- Opening Delimiter -
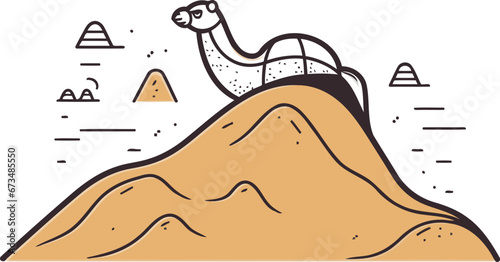 Camel on the top of the mountain. Vector illustration in linear style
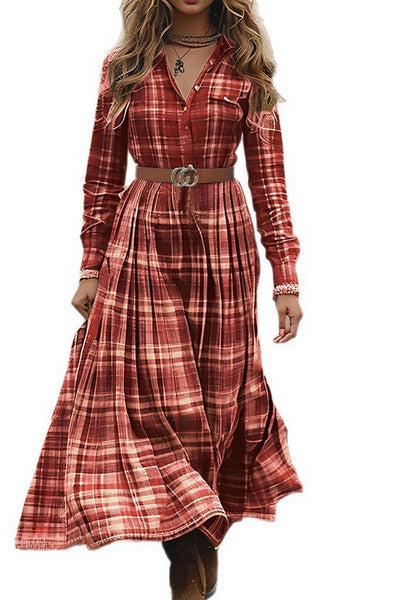 Vintage Plaid V Neck Dress in Red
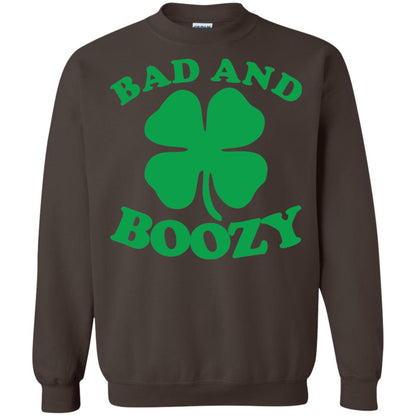 Bad And Boozy Saint Patricks Day T-shirt Dark Chocolate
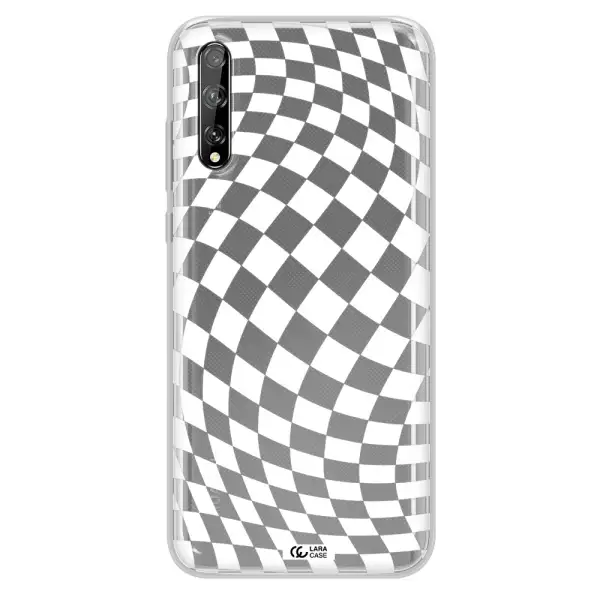 Wavy Checkered Huawei P Smart S Clear TPU Case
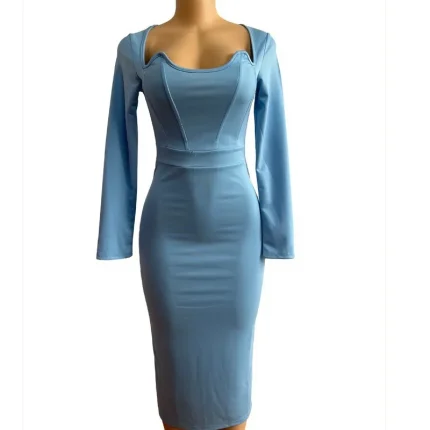 Women Fashion Slim-Fit Long-Sleeved Hip Dress - Image 8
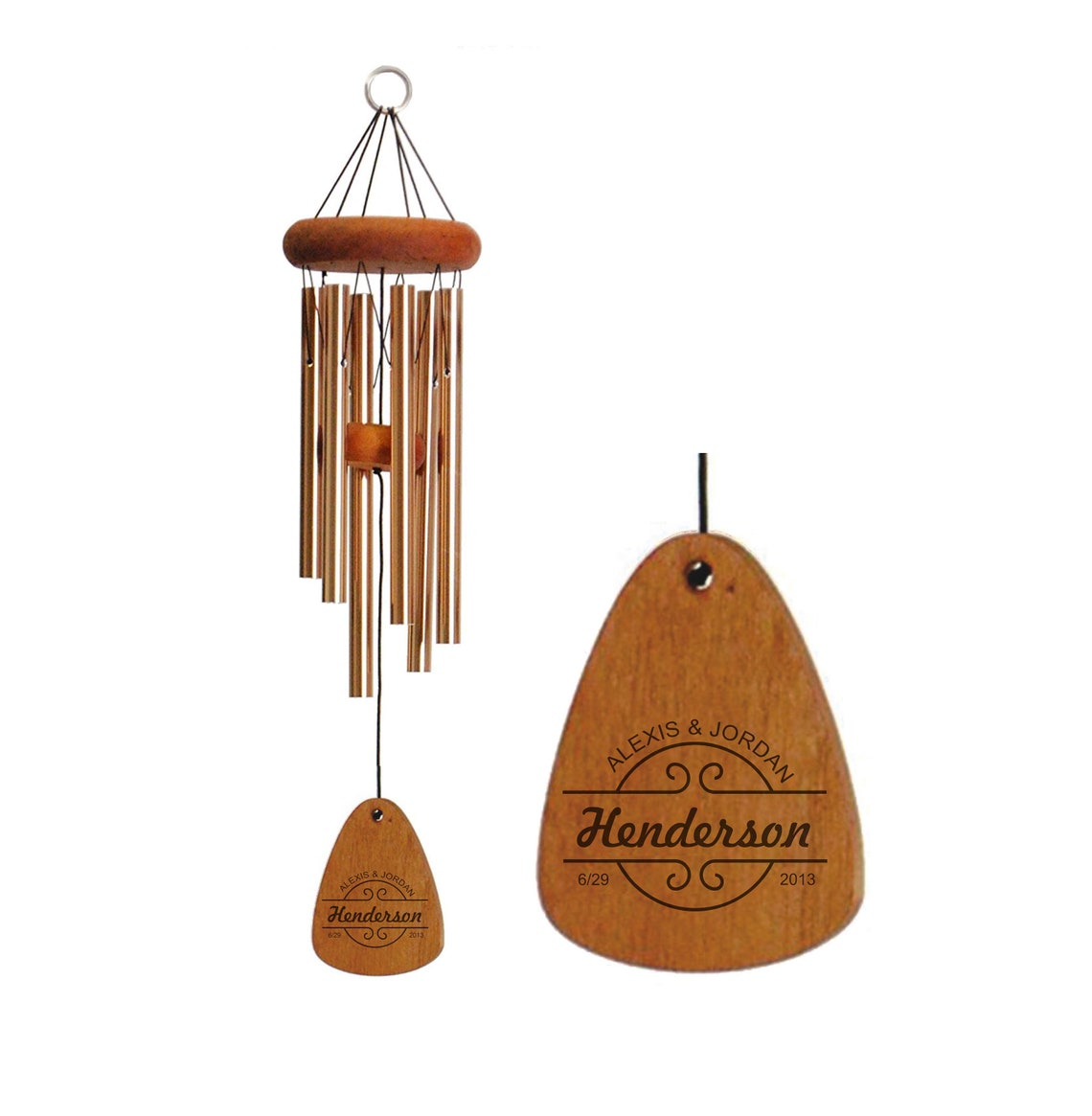 Personalized anniversary wind chime engraved with names and date from FireWoodCreations on Etsy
- Closing Delimiter -
What you are asked to do
Print the lines from the beginning of the records up to and including the line containing "Women Fashion Slim-Fit", word for word, with no pictures.

Exercise result
 Camel on the top of the mountain. Vector illustration in linear style
 Vintage Plaid V Neck Dress in Red
 Bad And Boozy Saint Patricks Day T-shirt Dark Chocolate
 Wavy Checkered Huawei P Smart S Clear TPU Case
 Women Fashion Slim-Fit Long-Sleeved Hip Dress - Image 8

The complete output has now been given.